Dozens of animal welfare volunteers and professionals attended the free workshop to learn how to best work with their pets-in-waiting to make them more adoptable. “From an NKUT Coalition point of view, this workshop is an amazing opportunity for members of our coalition to increase their knowledge of dog behavior and skill in handling dogs in their care,” says Sandy Nelson, NKUT manager. “Many of our coalition members only know what they know and to increase their toolbox is invaluable.” Providing more tools, tips and training techniques was exactly what the workshop brought to the coalition.
Head of the class
The workshop provided an education for volunteers and professionals so they can help Roxi, a rat terrier with Rescue Rovers, put her best paw forward in finding a forever home. Jode Page, Rescue Rovers volunteer and Roxi’s foster mom, was thrilled with the information shared. Some of Roxi’s issues include reactivity to other dogs (barking, lunging) and resource guarding — she lashes out when people try to touch her food. Jode says Roxi’s lack of “dog language” skill was hindering her improvement, and the workshop addressed a lot of her concerns.
“I was pleased to be informed that I was on the correct training route for Roxi,” says Jode. “She is far better than her first weeks with me. Because I am more confident in her training program, I know that she is more adoptable than she was previously.”
Jode says the workshop’s emphasis on “dog language” was critical. “Roxi’s in the process of learning ‘dog language.’ She was at a second grade language skill set, and now she’s at about an eighth grade level. We’re shooting for high school graduation level.”
There was something for everyone during the three-day workshop. Instructor Emily Strong, Best Friends dog trainer, says, “This workshop is so important because everyone who works in animal rescue has the will, the work ethic and the passion to save homeless pets. The only things really holding us back from achieving our collective no-kill goals are resources that enable us to do that in the most humane, efficient and effective way possible.”
Representatives from a variety of coalition organizations agree that the workshop delivered more resources to help even more animals. Tony Fusco, Beaver County Animal Control, says, “It was very informative and instructional for how-to skills, as well as providing a sense of community for me to go to for my needs.”
Sierra Miller, of Humane Society of Utah, says, “The teaching style was lively and enjoyable. I am excited to be an animal behavior-training-caregiving geek. Thank you for everything, Best Friends.”

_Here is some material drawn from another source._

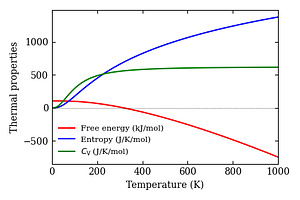 thermal_properties.png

Tracy Kelley, NKUT coalition manager, sees the workshop as a crucial component to help Save Them All®. “The NKUT Coalition was formed specifically to make Utah a no-kill state. As our members continue to work together rescuing and adopting homeless pets, we come closer to our goal. Best Friends provides tools, education, grants and event participation to help build capacity for these groups. We’re hopeful we will be able to continue to offer such cutting-edge training to our partners.”